How do you ensure a now-former employee understands they’ve been fired?

December 5, 2019

Topics: Terminating Employees

A client asked what to do about an email from an employee asking whether she was fired.  The employee emailed the CEO directly and advised that her manager had told her not to come in any more as of Monday because things were slow, but that if things picked up and they needed her, they would call her.  Her question was – am I fired?

According to the manager, the employee was fired.  However, it is plain that the employee had not gotten that message.  The manager confirmed having relayed the message as stated by the employee but felt that was enough and no more was needed to be said.

Unfortunately, employees need to hear a very specific message.  During a termination conversation, the manager or Human Resources representative needs to say: “We are letting you go.

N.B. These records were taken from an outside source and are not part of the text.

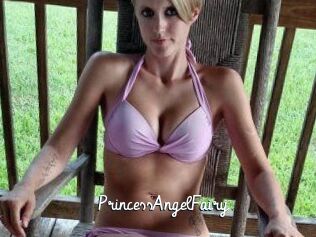 PrincessAngelFairy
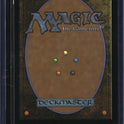 Atomize — MTG-333 — actual card back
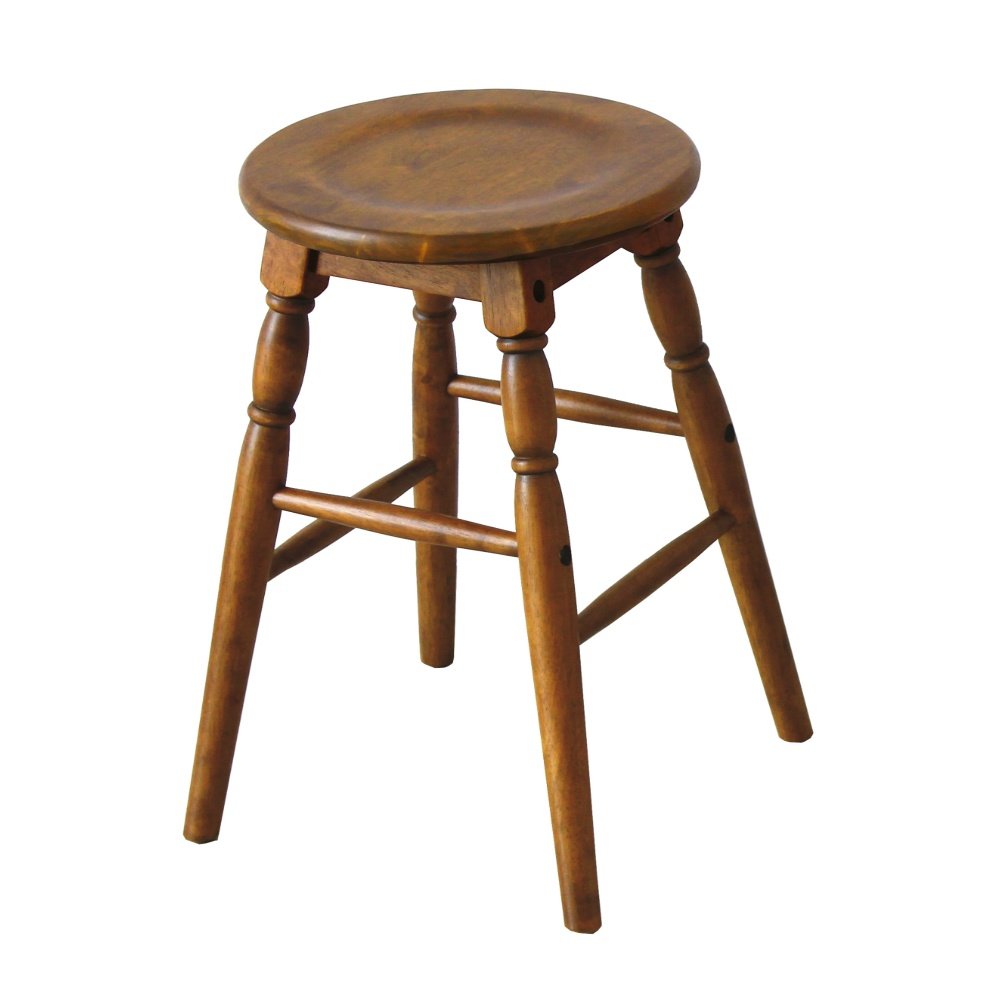 hommage Low Stool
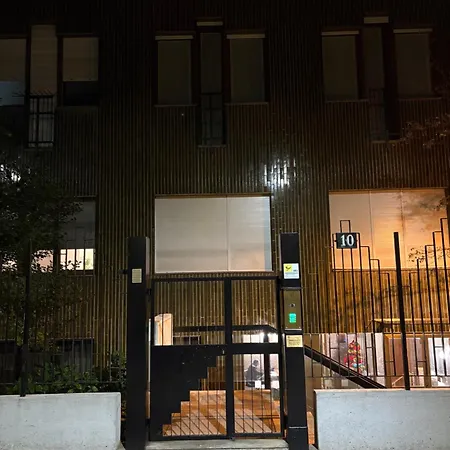 Appartement Banfi Luxury - Sauna Jacuzzi Privati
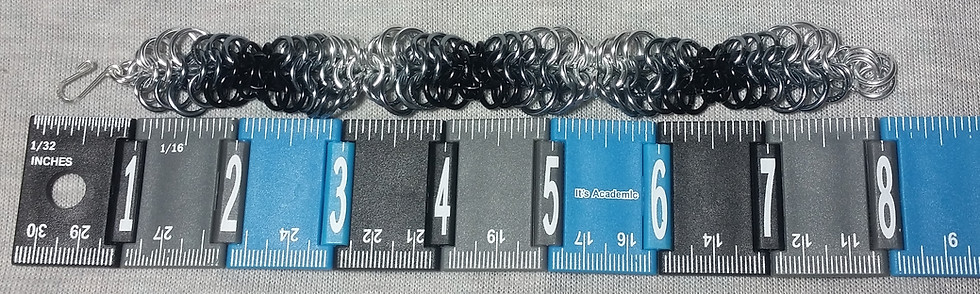 Thumbnail: Flared Bracelet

Today is your last day.” “We are terminating your employment as of today.”  Or another similar message.  There should be no question that the employee is no longer employed.

Some states, such as New York (found here), New Jersey (form BC-10 (R-7-11)), and Connecticut (found here), require that terminated employees (whether the departure is voluntary or involuntary) be given a document containing information regarding unemployment insurance.  Providing these documents also helps to ensure that the employee realizes that his or her employment was terminated.

It can also create a problem for the company when the employee does not know why his or her employment is being terminated.  It thus helps the employee if the person relaying the termination message briefly explains the reason for the separation.

Employment terminations trigger employee rights to unemployment insurance benefits, as well as possibly health insurance continuation benefits.  When the message is murky, the employee does not know if they should be looking for another job, or if they should be sitting by the phone waiting to be recalled.

Some termination meetings are more straight forward than others, but all should relay clear messages to the soon-to-be-former-employee.  Consult with employment counsel for best practices with employment terminations that can help avoid employee wrongful termination law suits.